As merkabamystica pointed out to me, not everyone in the dating pool is out looking to fall in love. Although that possibility makes decent intellectual sense to me, I have no personal experience of this to draw on in order to know how to apply it in my own life. (During my life time, I’ve swung wildly from nymph to hopeless romantic, without much time spent in the in-between areas.) I’m totally clueless with regard to what to expect from the more casual “getting to know you” or “spending time with someone new because its stimulating” dating style.
So, friends, if you don’t hate to educate, I have oodles of questions for any of you interested in helping me with my remedial training …
How do you, in the beginning, negotiate expectations of why the two of you are going out? I mean, what if one person is thinking “I hope they are the one” and the other person is thinking “Hey, it’s nice to get out and not watch re-runs again tonight.”
Hopefully, I don’t sound insulting. I’m just ignorant.
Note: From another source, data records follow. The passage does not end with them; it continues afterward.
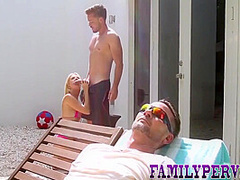 Stepdaughter Gets Facial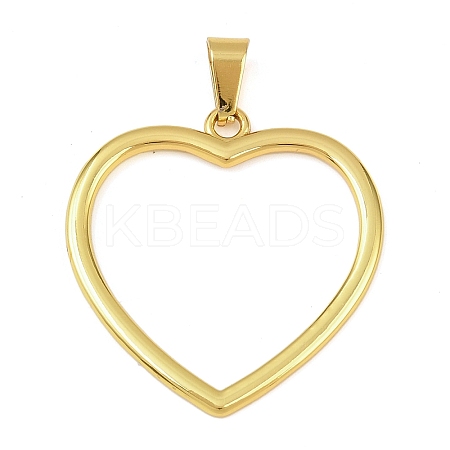 304 Stainless Steel Pendants LS-STAS-K315-02A-G-1
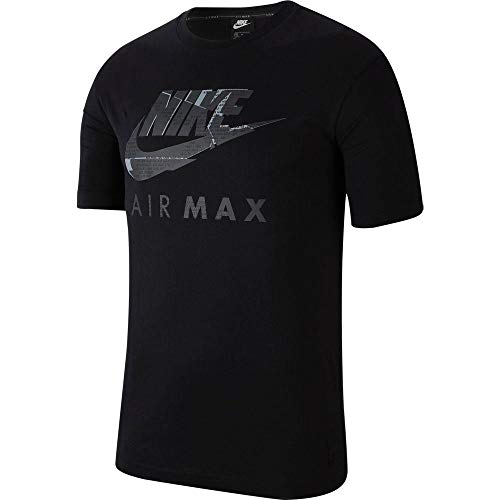 Nike Mens Air Max Tshirt, Short Sleeve top (Medium, Black)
How would you describe the appeal of just dating without the intent of finding a long-term mate? Is it the break in routine, the variety of experience? How does having a “just dating” relationship go? I’m imagining that I’d go out once, maybe enjoy myself enough to do it again with that person, and then start to feel more interested in staying in and playing the piano, reading a book, going out with friends, seeing someone else etc. So, I’d imagine that we’d reach our mutual max level pretty quickly. And then what if they wanted more and I didn’t? Then I’m back to the “thanks but no thanks” dilemma.